About this task:
From the entries below, please output exactly the lines starting at the one containing "果断收藏!全球高铁时速地图:中国高铁最快达400公里/小时图片" and ending at the one containing "Shimano DEORE XT", both included.

Entries shown:
# # # # # # #

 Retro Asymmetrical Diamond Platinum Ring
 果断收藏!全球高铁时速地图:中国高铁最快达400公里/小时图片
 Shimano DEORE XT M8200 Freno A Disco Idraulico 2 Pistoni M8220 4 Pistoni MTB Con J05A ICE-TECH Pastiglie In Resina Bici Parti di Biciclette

# # # # # # #

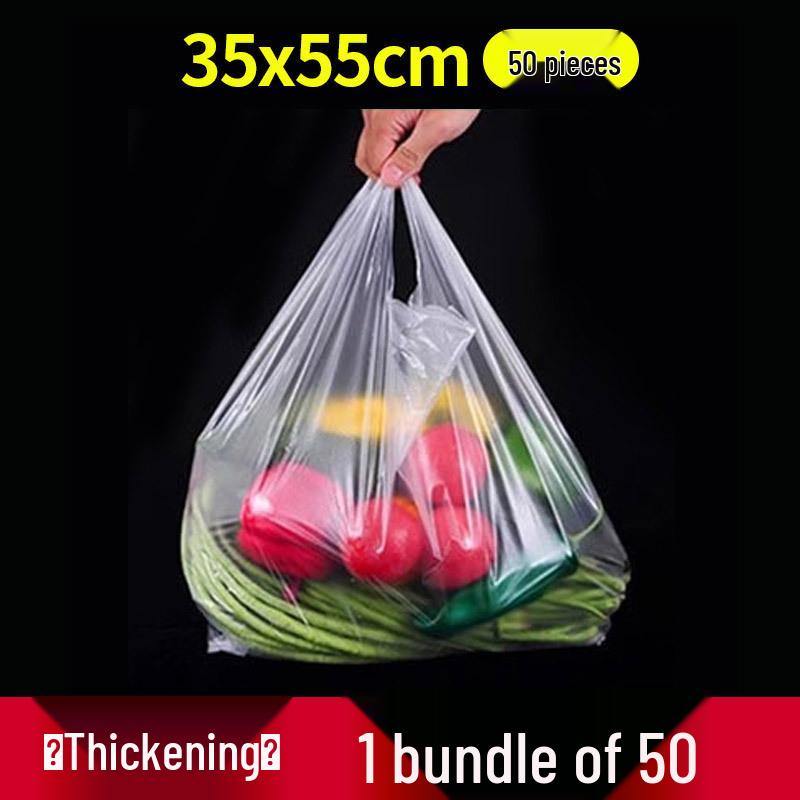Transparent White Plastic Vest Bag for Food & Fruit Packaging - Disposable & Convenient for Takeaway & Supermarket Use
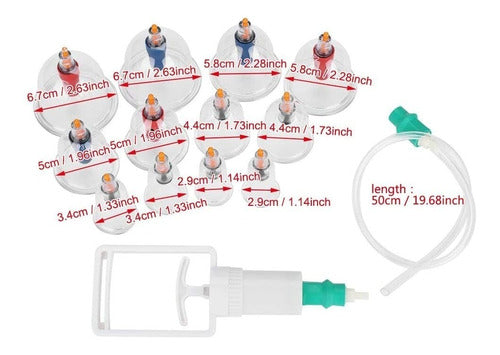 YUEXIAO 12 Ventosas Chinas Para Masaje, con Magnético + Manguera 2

# # # # # # #

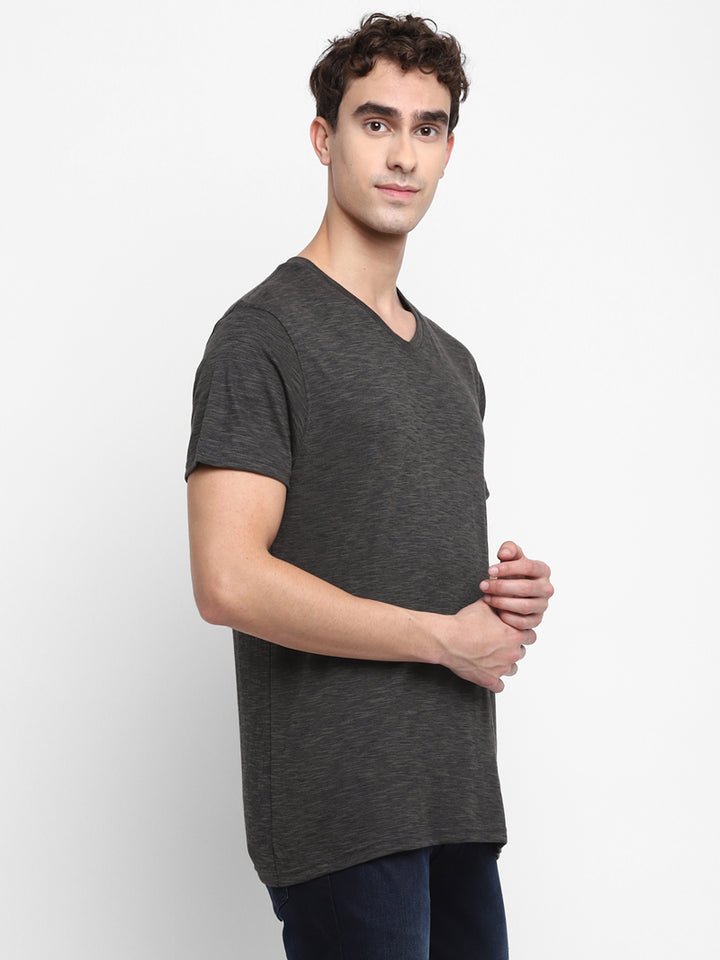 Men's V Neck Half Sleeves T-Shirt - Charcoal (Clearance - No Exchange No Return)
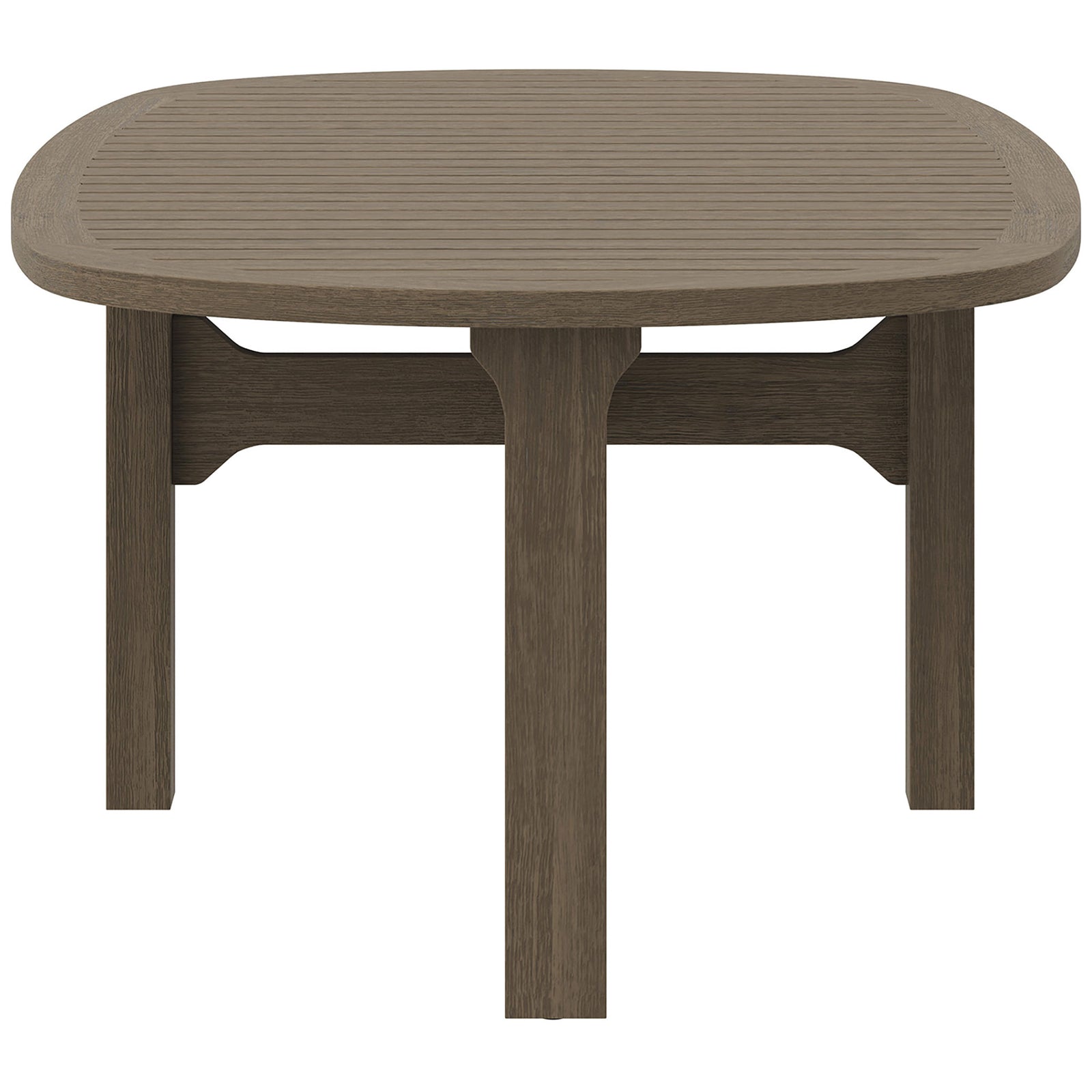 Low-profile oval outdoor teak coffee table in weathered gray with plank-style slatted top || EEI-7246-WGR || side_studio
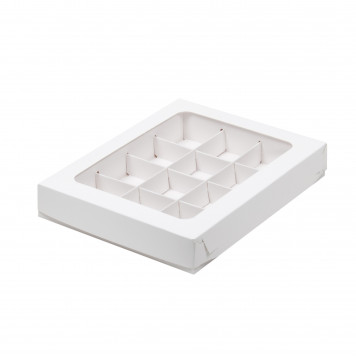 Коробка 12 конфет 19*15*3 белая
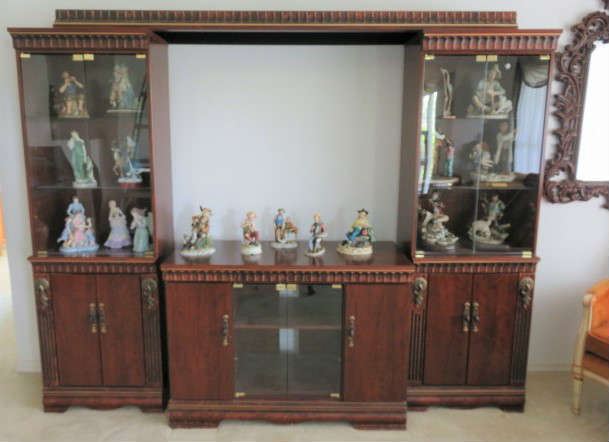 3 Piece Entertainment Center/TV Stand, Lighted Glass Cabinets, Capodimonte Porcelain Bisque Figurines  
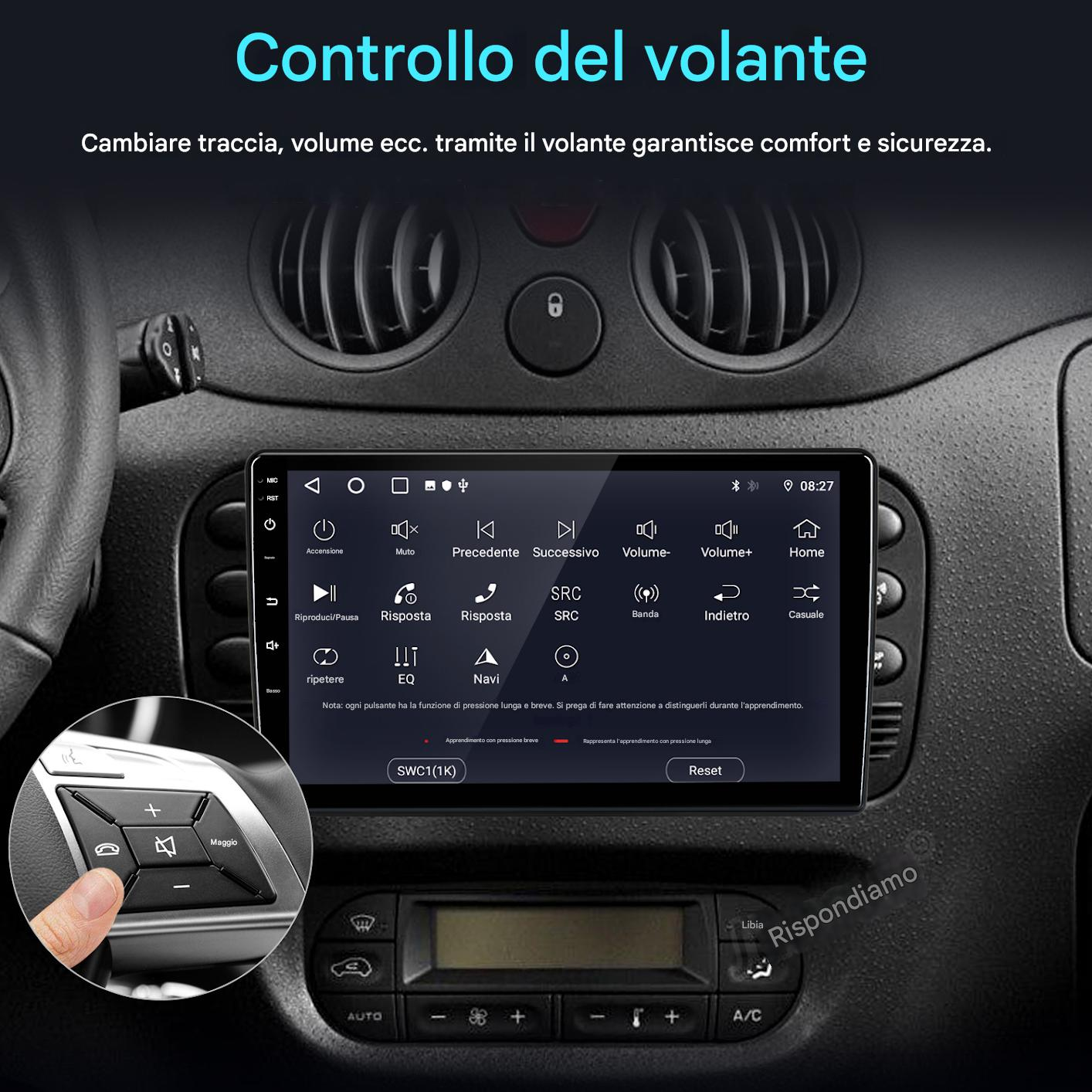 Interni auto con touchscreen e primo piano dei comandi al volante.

# # # # # # #

Task output:
 果断收藏!全球高铁时速地图:中国高铁最快达400公里/小时图片
 Shimano DEORE XT M8200 Freno A Disco Idraulico 2 Pistoni M8220 4 Pistoni MTB Con J05A ICE-TECH Pastiglie In Resina Bici Parti di Biciclette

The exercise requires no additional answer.